Мари серьезно взглянула на графа:

— Вы говорите о мадемуазель Эрио? Да, это она.

— Я желал бы, чтобы боль, которую испытали вы, Мари, десятикратно вернулась к ней.

Слова прозвучали мстительно и жестко, что совсем не свойственно было для Эдуарда. Мари втайне полагала, что та женщина и так несчастна, но разве сейчас это имело какое-то значение? Ей вовсе не хотелось говорить о мадемуазель Эрио. Тон графа де Монтрея ободрил мадемуазель д'Альбон, и вдруг, собравшись с духом, она сказала то, что показалось бы ужасным любой приличной девушке. Впрочем, чувство, которое она испытывала, было таким чистым, что Мари недолго терзалась сомнениями. Совершенно искренне она произнесла:

— Господин граф, я знаю, что вы уедете очень далеко. И я знаю, что вы мне никогда ничего не обещали.

Эдуард молчал. Она добавила:

— Однако поверьте мне, сударь, и не подумайте, будто я бесстыдна. Для меня было бы наивысшим счастьем сопровождать вас, куда бы вас ни послали, всюду быть вам подмогой… сделать так, чтобы там, в Алжире, вы были хоть чуть-чуть счастливы.

— Мари, — прервал он ее, пытаясь обратить всё в шутку, — разве Алжир — это место для счастья? Или место такой прелестной девушки? Разве заслуживаю я подобного удовольствия?

— Не знаю, — честно призналась она. — Конечно, я боюсь. Но, господин де Монтрей, для меня было бы счастьем быть с вами, и в этом я убедилась. Я не ребенок и могу разобраться в своих чувствах.

— Иными словами, — сказал Эдуард, — вы хотите, чтоб я…

Впервые после своего признания она не выдержала и опустила глаза. Было уж слишком трудно сказать: да, я хочу, чтобы вы женились на мне. Это прозвучало бы слишком навязчиво. Она выразилась иначе:

— Господин де Монтрей, если мне придется стать женой кого-то другого, это будет для меня худшим бедствием, чем все возможные невзгоды в Алжире.

Он не сразу ответил.

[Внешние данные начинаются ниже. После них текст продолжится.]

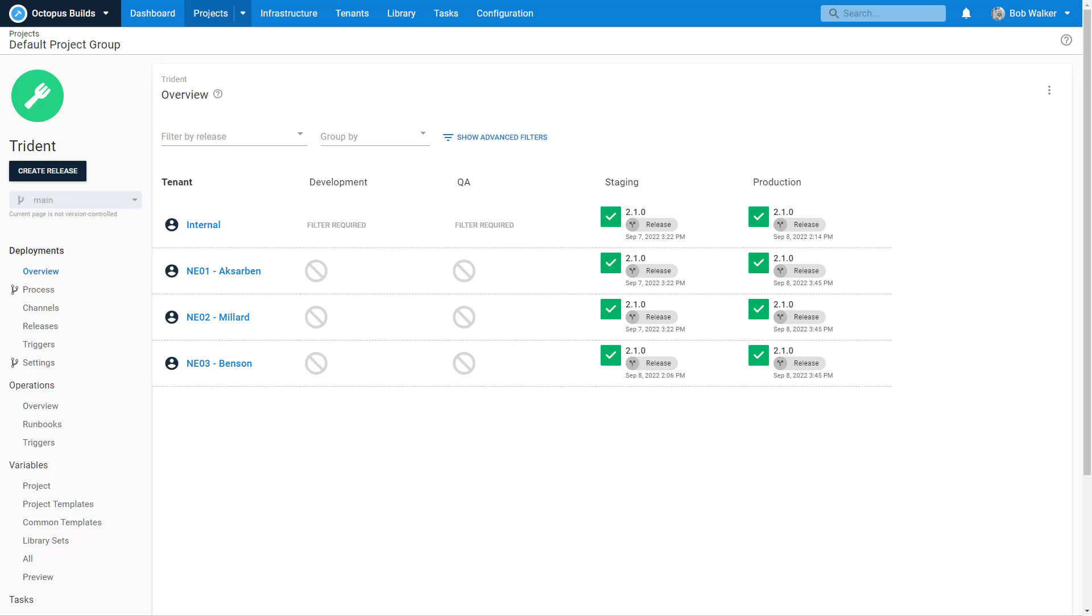Hi everyone, and welcome back to Octopus Builds, where we are building out the Trident project for the fictional company OctoPetShop. My name is Bob Walker, and today we're going to continue our conversation about multi-tenancy. If you didn't watch the previous episode, what we did was we made our Trident application multi-tenant.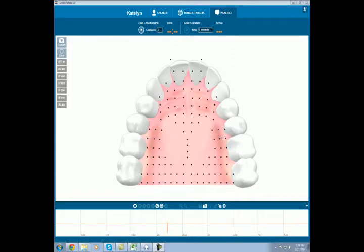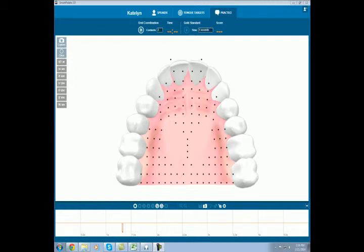To give you an example of how the Smart Palette display can be used in speech therapy, let's look at velar fronting. Velar fronting occurs when a back stop consonant, such as G or C, is replaced by a front stop, such as D or T. Let me put in my Smart Palette to show you some examples.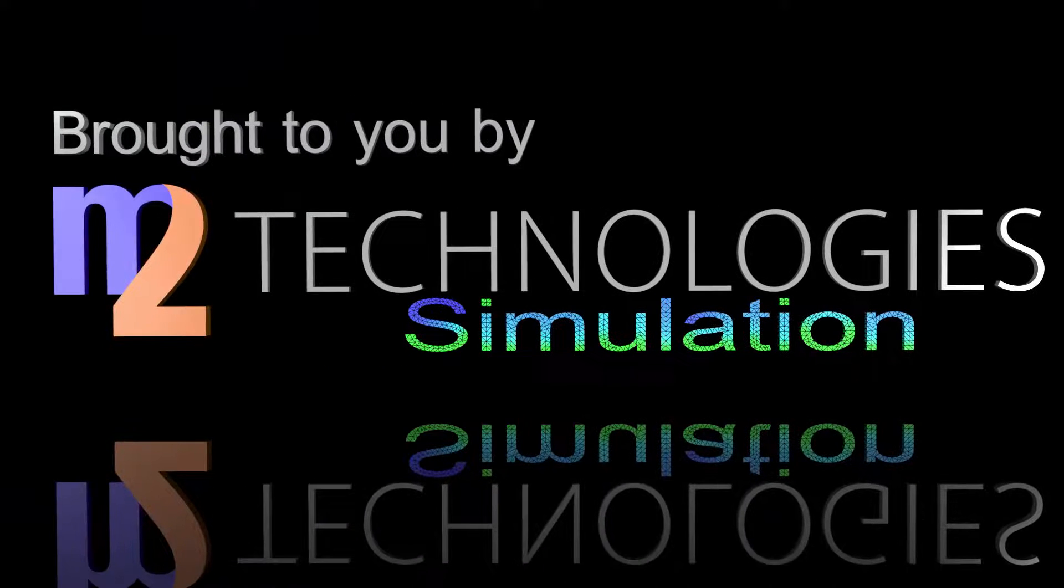Hello, this is Robert Smith from M2 Technologies here to tell you about archive files in Simulation Mechanical.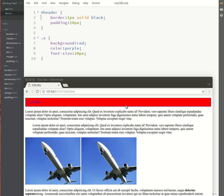So that brings us to the end of the section on working with IDs in CSS.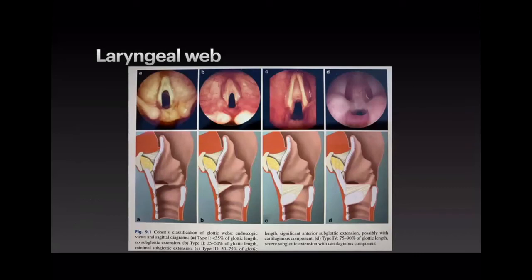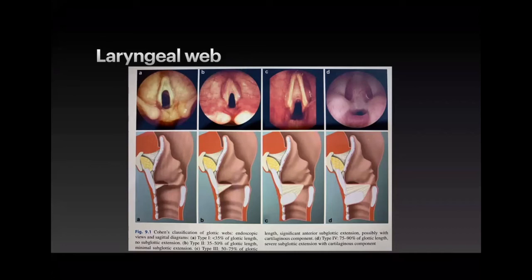Laryngeal webs are rare but important to know — particularly for exams. Type 1 involves less than 35% of the glottic length, Type 2 35-50%, Type 3 50-75%, and Type 4 75-90%. Management depends on the type: Type 4 may require an EXIT procedure and immediate tracheostomy, while Type 1 may only cause a hoarse voice with little effect on breathing.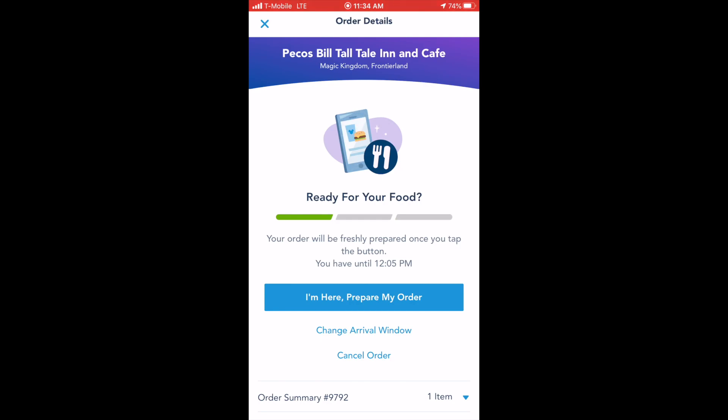You'll receive a confirmation screen and can then proceed to the front of the restaurant. It's that easy — you just mobile ordered and saved yourself some time at the most magical place on earth.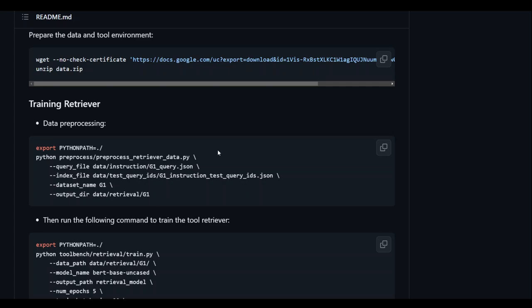So this is a tool designed to recommend suitable APIs for each instruction, which eliminates the need for manual selection. And I think this is going to really change the way these open source LLMs like Vikuna and LAMA are going about API access these days.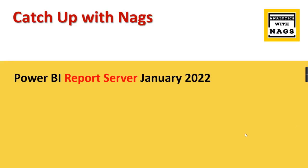Welcome to Analytics with Nags. I'm happy and excited to have another Catch Up with Nags session where I'm going to talk about Power BI Report Server January 2022 release.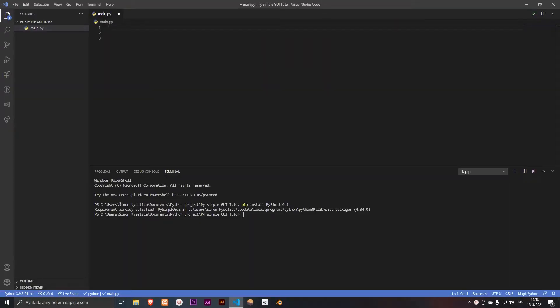Hi guys and welcome to this video. In this video I will teach you how to make a simple GUI in Python. So let's start with installing the PySimpleGUI library. Let's type pip install.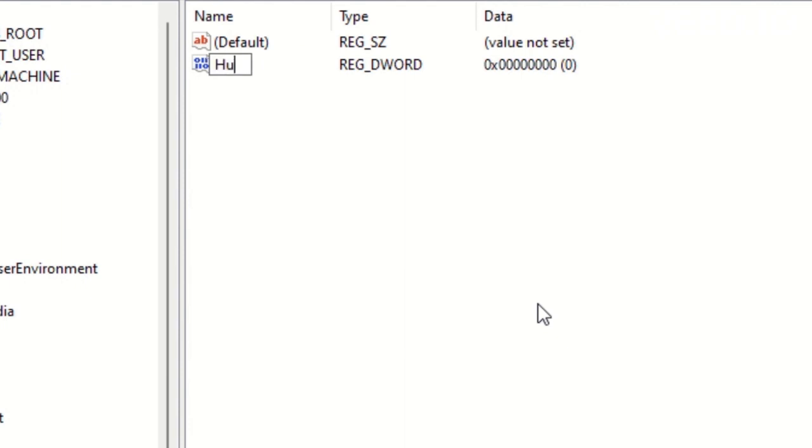Replace the name as HUBSSidebarEnabled. This DWORD 32-bit value helps to enable and disable the sidebar of Microsoft Edge.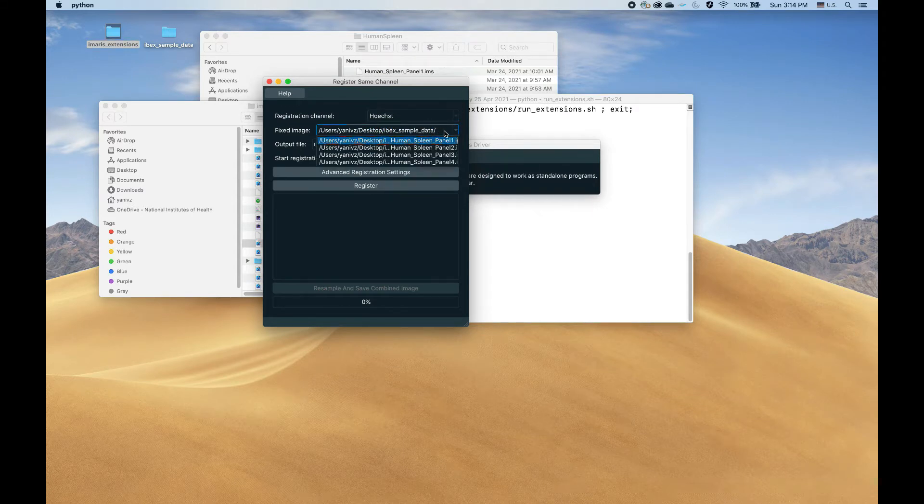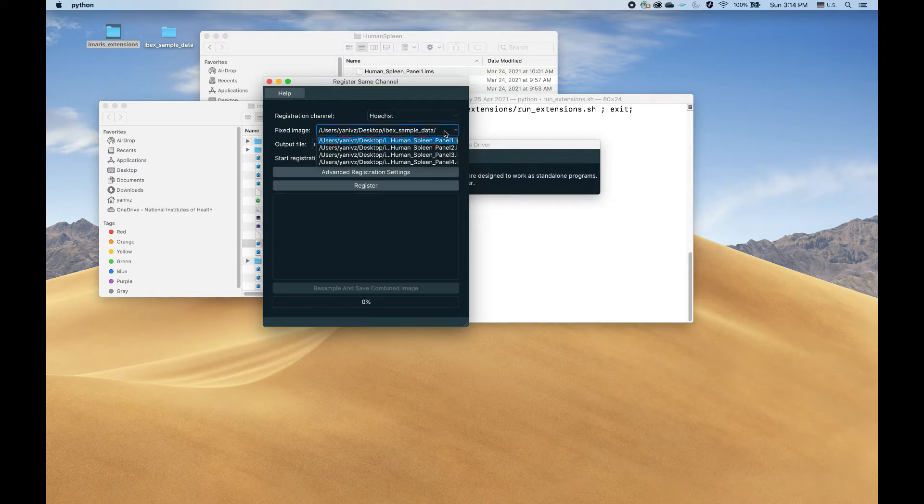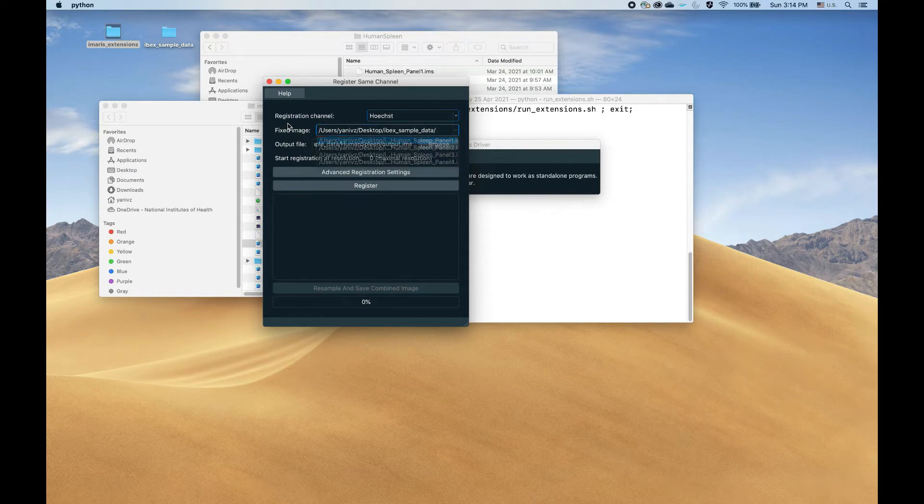Fixed image is the image to which everything is registered. You could leave it by default to whatever it is, in this case panel one, not too critical.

Именно это молчание и тишина сбивали Мари с толку, и поневоле ее начинал душить стыд. Краснея и отчаянно пытаясь перебороть это чувство, она горячо заговорила:

— Ах, ну вы же знаете, каковы мы, д'Альбоны. Я не кисейная барышня. Вы же видите, раз я решилась на такой разговор, стало быть, я не из тех, кто приличие ставит выше чувств. Вы думаете, я не перенесу Алжира?

— Вы ничем не заслужили таких страданий. Я ценю ваш порыв, но…

Ее серые глаза потемнели:

— Эдуард, я ничего не могу вам дать, кроме своего сердца, но, если вы его примете, никто не полюбит вас сильнее, чем я. Это правда.

Жаль, если… если единственное, что я имею, меня принудят отдать человеку совершенно незначительному, например, господину Монро.

Снова наступило молчание. Мари, не в силах что-то добавить, в растерянности ломала пальцы. Эдуарда тронули ее слова — он вообще ценил поступки, которые шли вразрез с воспитанием и приличиями. Совершив то, что она совершила, мадемуазель д'Альбон стала еще привлекательнее в его глазах, ибо оказалась не банальной. Да и ее желание заботиться о нем выглядело трогательным — ведь он был куда сильнее ее. Честно говоря, на какую-то секунду граф де Монтрей испытал сильнейший соблазн согласиться: да, не любя ее, или любя как-то странно, он действительно захотел получить верное, преданное, любящее сердце, которое всегда будет рядом. Он насилу сдержал себя.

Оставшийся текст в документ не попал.